Genre: Fiction | General Fiction/Classics
#0.5 – Warriors
William McCloskey is back and better than ever in Warriors, the potent new prequel to Highliners, Breakers, and Raiders. Long before Hank Crawford arrived in the waters of Ketchikan, his partners and compatriots were already in love with its shores.
Following the final, crushing moments of World War II, Japanese officer Kiyoshi Tsurifune, Sergeant Jones Henry, and Resistance fighter Swede Scorden struggle to regain normalcy and any contact with the shimmering, fish-filled sea. Lost honor, fallen friends, their cultural identities gone in the wake of a nuclear blast—these fishermen-turned-soldiers have a long way to go till they regain the waters in which they feel most at home.
But as each finds his way to the bays of Alaska—Jones as fisherman, Swede eager for work in the cannery, Kiyoshi an ambassador for the Japanese trade—things aren’t as smooth as they had dreamed. A new union calls for a strike during the height of the salmon season, and expensive new engine boats are replacing the sails and oars fishermen like Jones Henry have relied on for years. Plus, unhealed wounds make the looming deal between Alaskan fishermen and Japanese buyers painful for many. Behind every conversation, the question looms: Will these war-torn men ever find their peace again?
Sweeping and powerful, like the pull of the ocean, Warriors is a novel that can’t be put down and that can never be forgotten.
#1 – Highliners
Highliners are the elite of the fishing world, the skippers and crews who make the biggest catches—salmon, king crab, halibut, shrimp—and deliver them first to the bustling canneries of Kodiak and Dutch Harbor. For these men—and for their women—the safe eight-hour day does not exist. It never will. Some fishermen get rich, many die broke. But they find a special joy in their work that can never be matched by the easier world of the landsman. No matter how great the hardship or how bad the storm, the highliners put out to sea in their primitive battle against the elements.

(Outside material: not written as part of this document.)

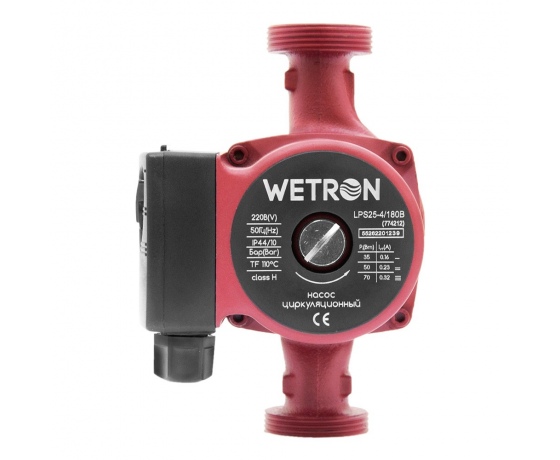 Фото 4 - Насос циркуляционный 75Вт Hmax 4м Qmax 40л/мин Ø1½ 180мм бордо + гайки Ø1 WETRON (774212)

The protagonist of the novel is Hank Crawford, a young greenhorn who first comes to Alaska to work in a cannery to earn money while on summer vacation from college. He is quickly hooked by the fisherman’s life, and this novel re-creates how a young man becomes a highliner. He succeeds because he is young enough, strong enough, and brave enough. He learns the brutal business from hard-fisted skippers, penny-pinching cannery managers, and the pirates of the fishing world. Hank also meets the tough women who endure the hardships of Alaska alongside their men.
Journey with him as he learns to survive the elements (100-mile-an-hour winds, ice storms, tidal waves, and fire at sea) and attempts to become a highliner.